= What is required =
Output, word for word, each line from the one with "正定发电机组电缆选型完整具体步骤(工程通用标准流程)" through the end of the listing below, excluding every picture.

= Data block =
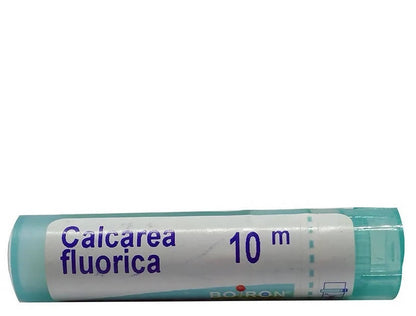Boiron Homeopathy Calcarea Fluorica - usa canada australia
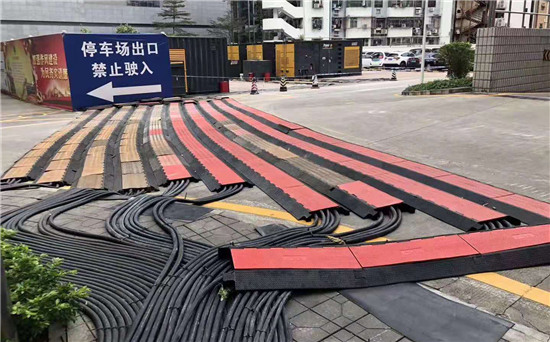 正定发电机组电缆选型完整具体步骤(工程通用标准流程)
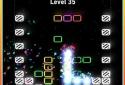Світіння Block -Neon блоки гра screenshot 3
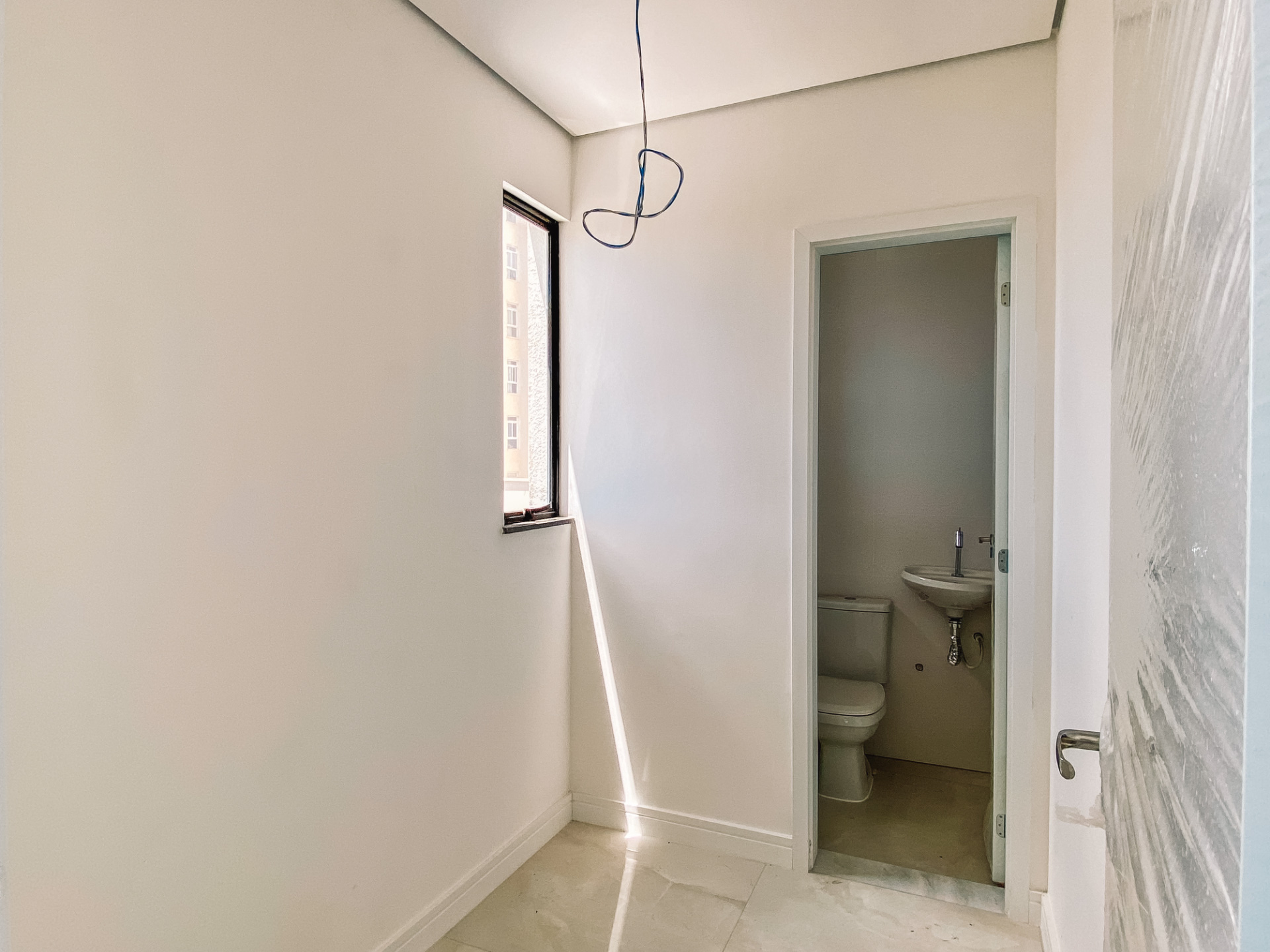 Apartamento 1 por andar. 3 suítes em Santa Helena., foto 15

= Response =
 正定发电机组电缆选型完整具体步骤(工程通用标准流程)
Світіння Block -Neon блоки гра screenshot 3
 Apartamento 1 por andar. 3 suítes em Santa Helena., foto 15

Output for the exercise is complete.